● **Available data**:
• • • • • • •

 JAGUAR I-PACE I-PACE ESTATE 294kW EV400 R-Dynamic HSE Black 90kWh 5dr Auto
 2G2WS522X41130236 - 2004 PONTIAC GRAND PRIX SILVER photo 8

• • • • • • •

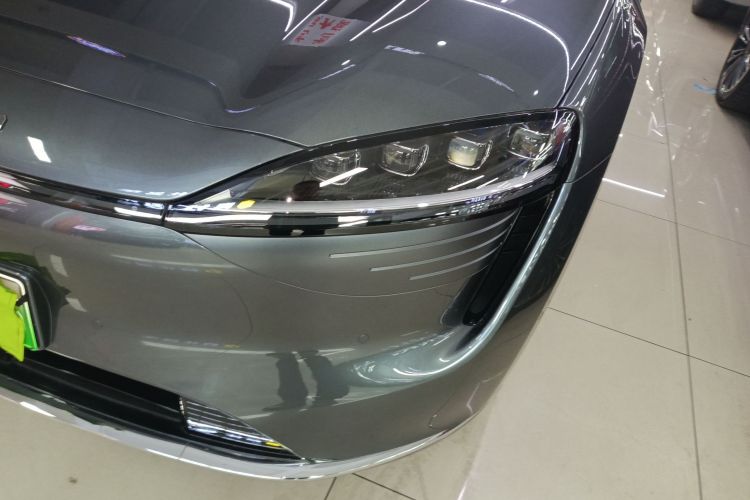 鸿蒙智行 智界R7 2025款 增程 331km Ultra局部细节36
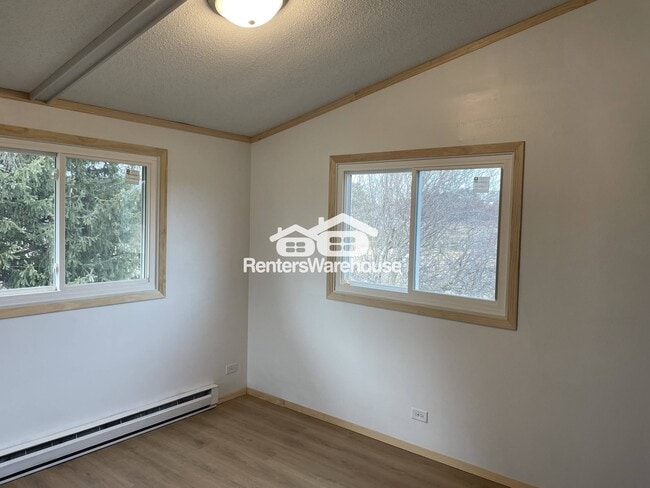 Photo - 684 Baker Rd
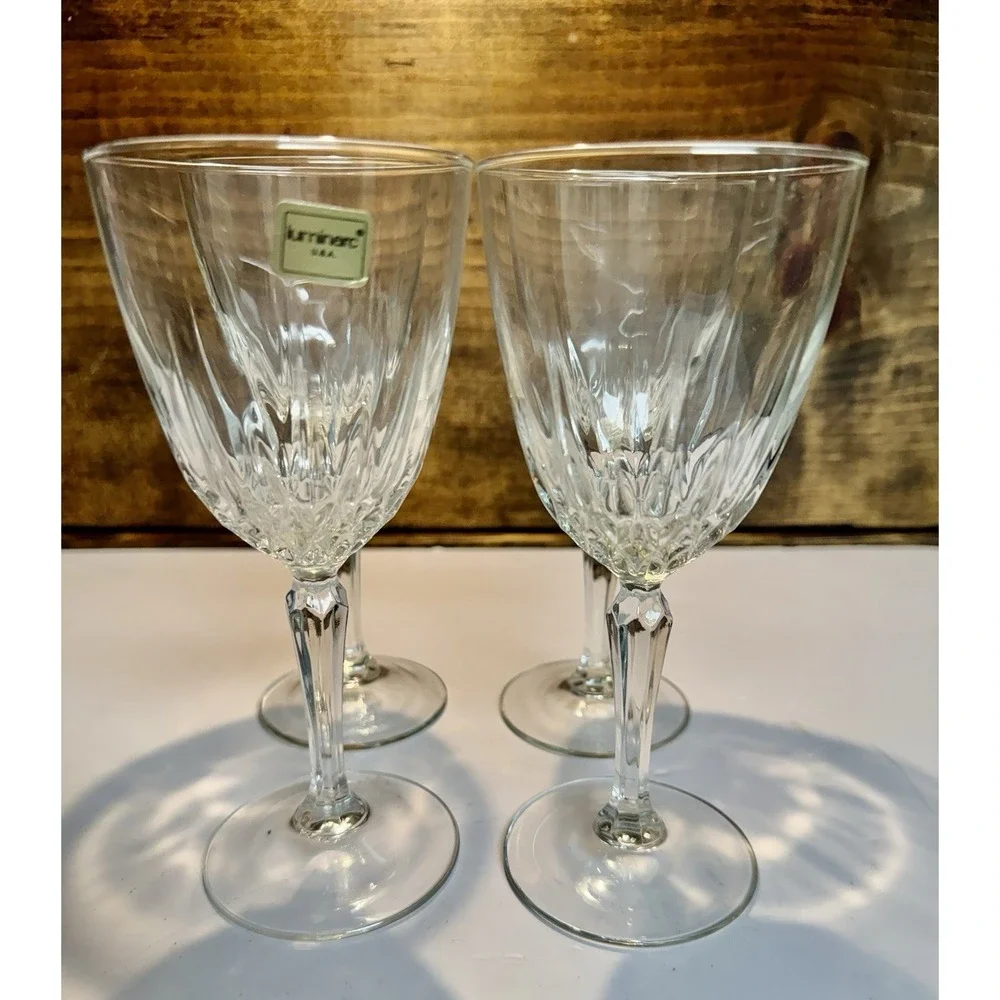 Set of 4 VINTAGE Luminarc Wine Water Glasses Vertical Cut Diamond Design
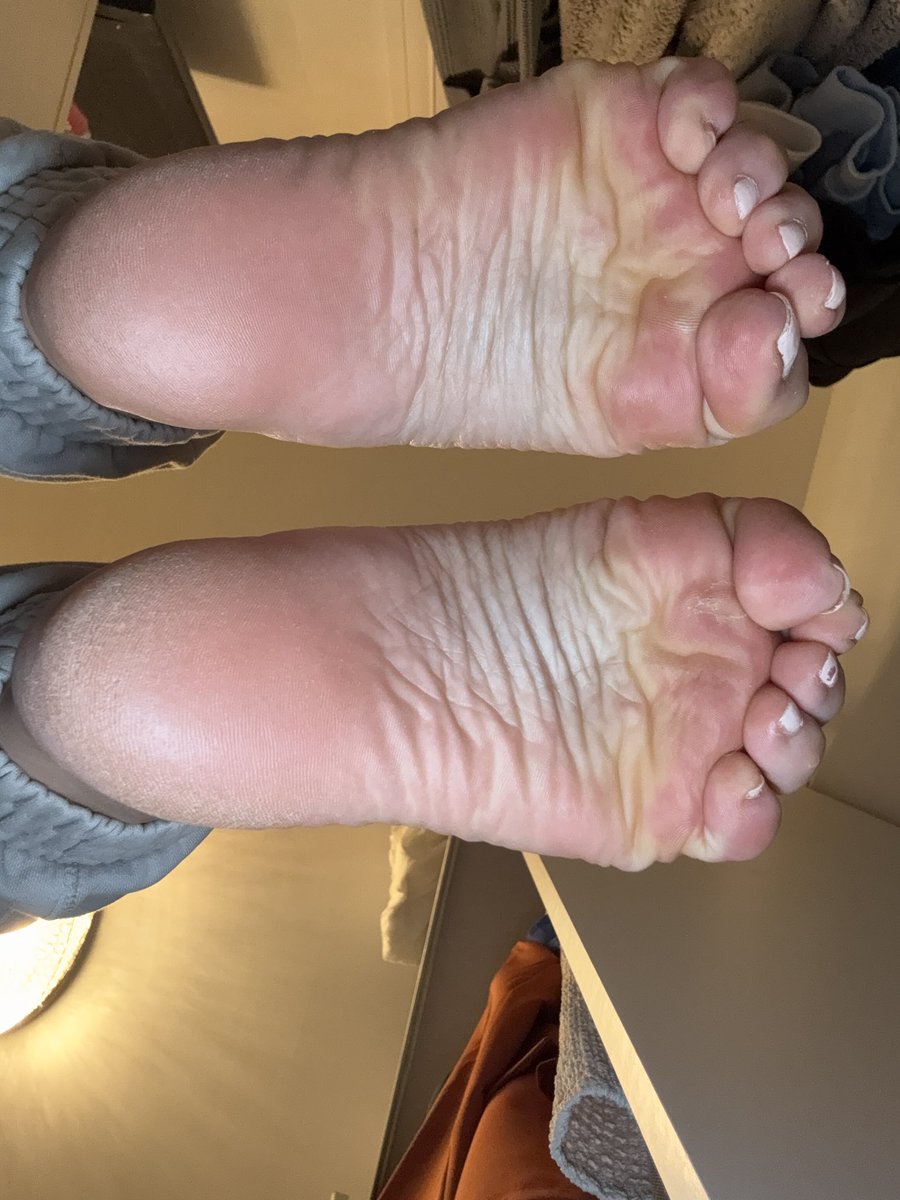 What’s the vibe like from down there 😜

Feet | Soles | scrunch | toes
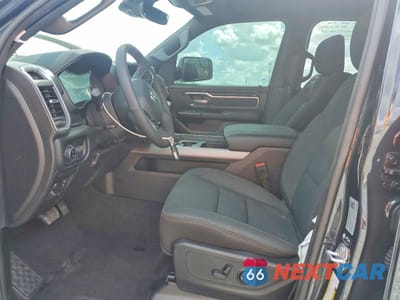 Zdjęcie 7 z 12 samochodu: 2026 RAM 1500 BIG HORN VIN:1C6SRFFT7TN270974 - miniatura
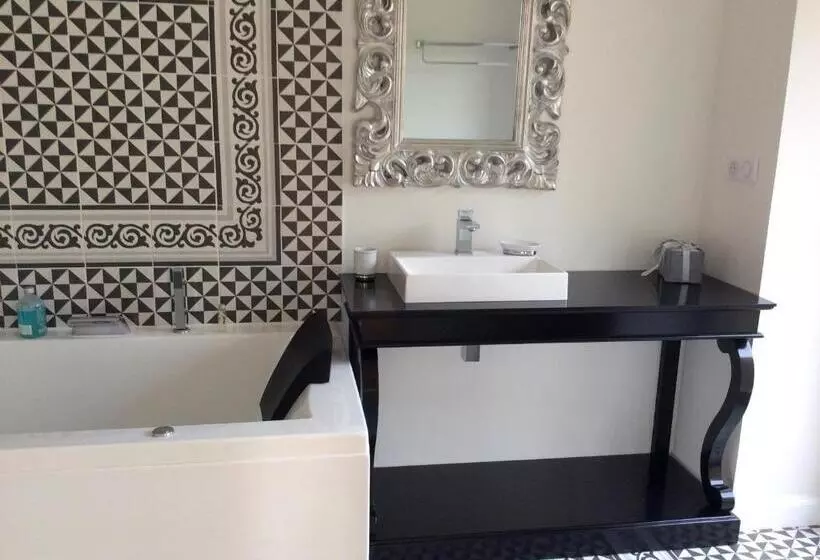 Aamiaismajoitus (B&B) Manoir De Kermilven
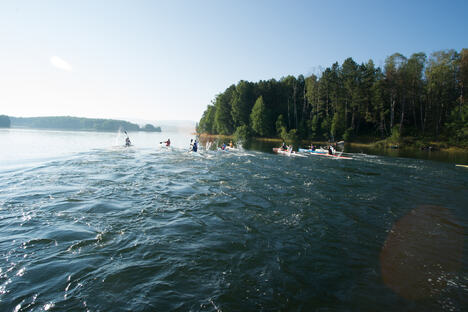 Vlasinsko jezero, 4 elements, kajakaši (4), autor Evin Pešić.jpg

• • • • • • •

● **To do**:
Using the records above, set down exactly the lines from the one with "JAGUAR I-PACE I-PACE" through the one with "2G2WS522X41130236 - 2004", inclusive, and nothing more.

● **Response area**:
 JAGUAR I-PACE I-PACE ESTATE 294kW EV400 R-Dynamic HSE Black 90kWh 5dr Auto
 2G2WS522X41130236 - 2004 PONTIAC GRAND PRIX SILVER photo 8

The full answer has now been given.